───── MATERIAL PROVIDED
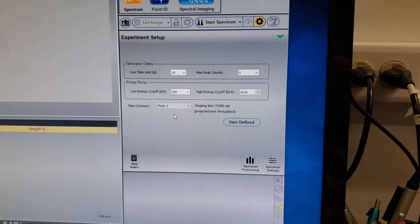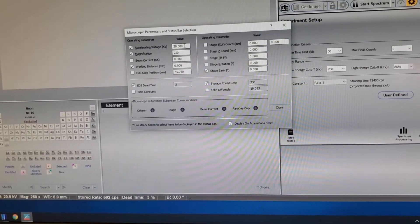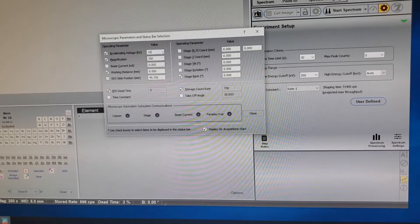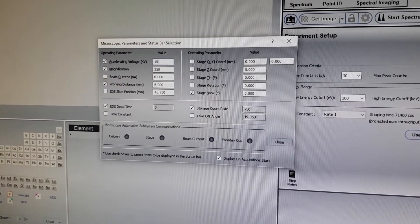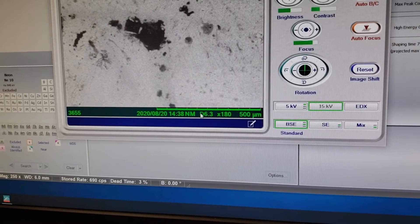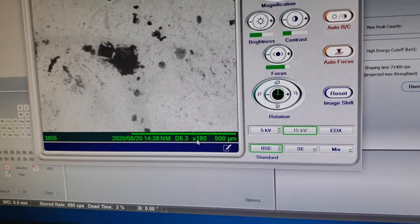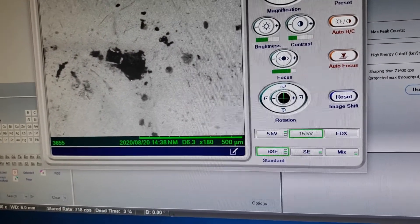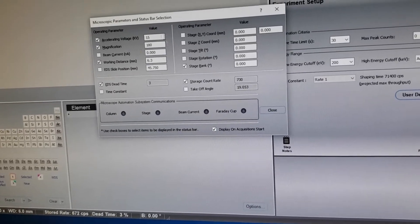Finally, set time constant to Rate 1. Once you have these set up, click Start Spectrum and it will prompt you to enter information: the accelerating voltage you're using. On our SEM, we can only use up to 15 kV. I also want to check our magnification and working distance by bringing up the imaging software. The 'd 6.3' shown here is our working distance — 6.3 mm between the detector and the surface — and 180x is our magnification.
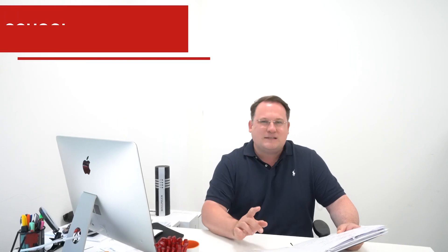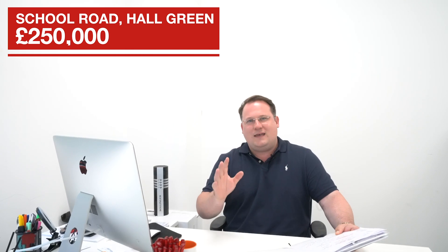And finally, a first-time buyer property in Hall Green, coming to market at £250,000, 183 School Road. It's a two-bed, double-fronted, end-terrace property, off-road parking and has got to be seen to be taken seriously.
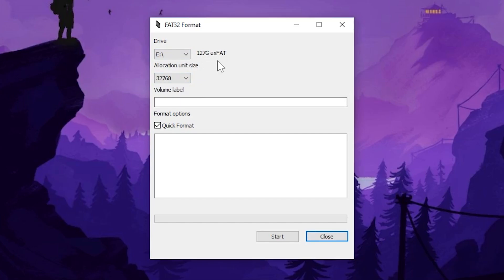We're going to format that to FAT32 and I want to pause right here and say be very very careful not to select a main drive on your computer. You could accidentally wipe out your entire computer so make sure you are doing the right drive.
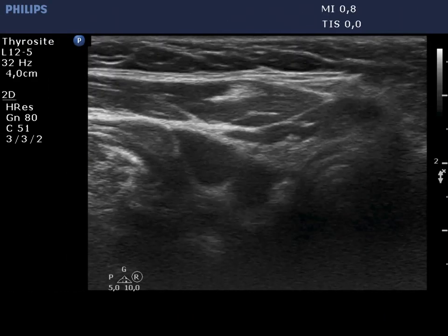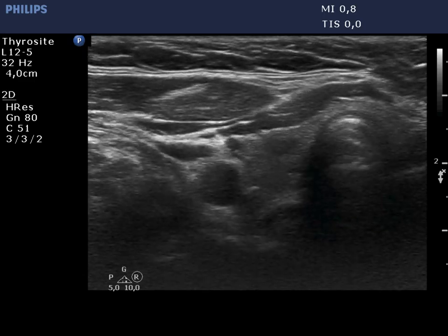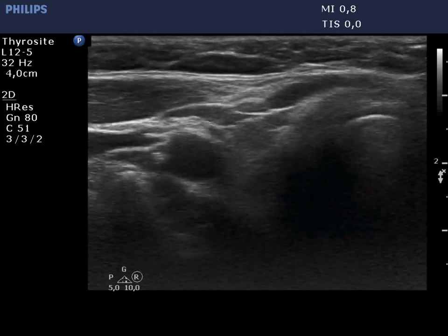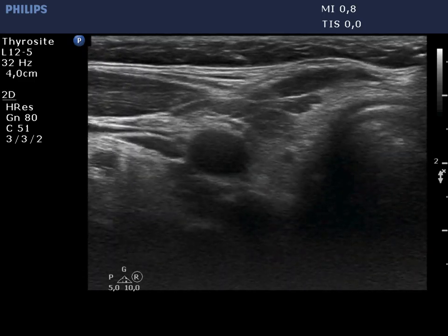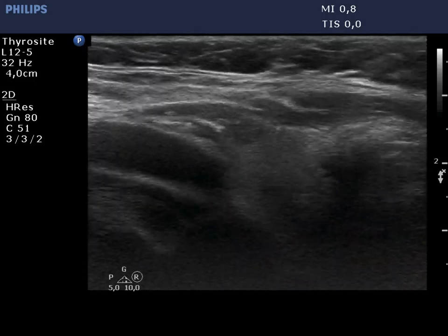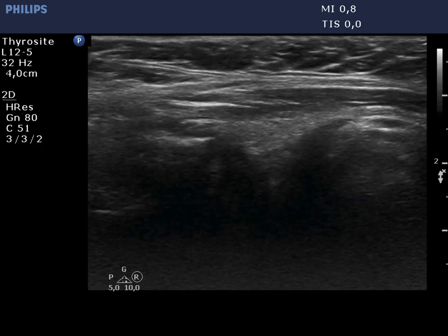The right lobe is echinormal and has several hypogenic areas. The lower one has one punctate echogenic focus.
──────────
THE TASK:
Word for word, return the material, omitting the pictures.

RESULT FOR THIS TASK:
Finally, set time constant to Rate 1. Once you have these set up, click Start Spectrum and it will prompt you to enter information: the accelerating voltage you're using. On our SEM, we can only use up to 15 kV. I also want to check our magnification and working distance by bringing up the imaging software. The 'd 6.3' shown here is our working distance — 6.3 mm between the detector and the surface — and 180x is our magnification.
And finally, a first-time buyer property in Hall Green, coming to market at £250,000, 183 School Road. It's a two-bed, double-fronted, end-terrace property, off-road parking and has got to be seen to be taken seriously.
We're going to format that to FAT32 and I want to pause right here and say be very very careful not to select a main drive on your computer. You could accidentally wipe out your entire computer so make sure you are doing the right drive.
The right lobe is echinormal and has several hypogenic areas. The lower one has one punctate echogenic focus.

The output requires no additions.